The rapid pace of rollout means the aim of vaccinating the top four priority groups, including all over 70s, is set to be achieved three days ahead of the February 15 target, according to analysis by the Spectator.

Earlier Mr Hancock hailed a new Government contract for 20 million British-made Covid tests that will be vital to the bid to unlock the economy.

The lateral flow tests, made by Derby-based SureScreen Diagnostics, produce a result in under 30 minutes and can be rolled out at work places and schools.

It comes after a scientist with the Sage advisory group today warned lockdown could last longer if the mutant variant, which is more resistant to jabs, spreads throughout Britain.

Dr Mike Tildesley said "it's very possible" the variant is already widespread in the UK, as it was confirmed 147 cases have now been detected in the country.

He said: "The fact we're starting to see cases in the hundreds, albeit in the low hundreds, means that unless we've really got on top of this quickly, I would expect we could see quite a few more cases coming over the next few weeks and possibly quite a little bit more widespread, so it's a real concern."

South Africa has temporarily halted the rollout of the AZ vaccine there, and is prioritising other jabs that are more effective against the strain.
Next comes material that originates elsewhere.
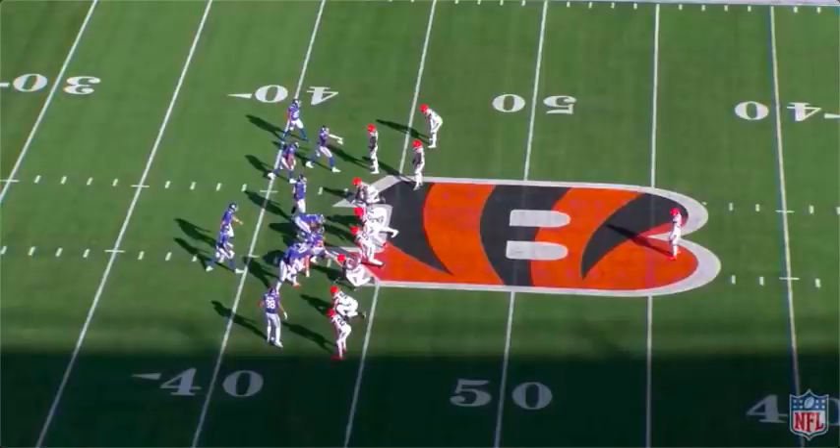Alright, Daniel Jones third down versus Cincinnati Bengals. If you're new to this, I do it every single week. I go through Daniel Jones' third down plays, talk about coverage and decision making. I'm not going to really get into his footwork, I'm not a QB expert like that. But I can show you what the coverages were, what his decision making looked like, if it was good or bad.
But scientists and ministers have said the AstraZeneca dose is still likely to prevent serious illness and death in patients with the South African variant.

They also stressed the vaccine has been shown to be highly effective against all the strains currently prevalent in the UK.

But health minister Edward Argar revealed it's likely many Brits will need a new booster jab in the Autumn, and said drugs companies are working overtime to tweak their vaccines to tackle new variants as they emerge.

He said: "What we would all expect is every year we have our flu booster jabs, or our flu jabs, it would not be unreasonable to suggest something similar here."


 

And he said the virus "will always try to outwit us", adding: "We've just got to make sure we get ahead of the game and we outwit it."

But the health minister, who is Mr Hancock's deputy, got into hot water when he was blasted by Piers Morgan for failing to to say whether the Government has signed any hotel quarantine deals.

The Good Morning Britain host got into a fiery row with him over the new quarantine regime which is due to start in just a week's time.

Anyone coming in from at least 30 'red list' countries must isolate for 10 days inside their hotel – and they can only be released with two negative tests.

It's designed to stop the more transmissible mutant variants of Covid from grabbing hold in Britain and spreading like wildfire.

Today Piers gave the minister a fierce dressing down for failing to know the answers to his question – which he posed a staggering eight times.

Piers snapped: "Why are you letting people in when you haven't got quarantine established yet?"

Mr Argar replied that there is quarantine established for everyone coming into the country – but Piers insisted that "we know most people aren't doing that."

Ministers first announced the quarantine policy for hotels weeks ago, but it won't come into effect until Feb 15 – leaving fears thousands will come to the country by then who could be carrying new strains.

Under the new regime, people will be met at the airport and transported directly into quarantine.

Separately, Mr Argar warned bosses they mustn't try and use health and safety laws to force their employees to get a vaccine.

The health minister insisted jabs have to remain voluntary and there are other ways firms can make their offices secure from the virus.

He was commenting on reports that companies could use existing Health and Safety laws to try and force their staff to get vaccinated.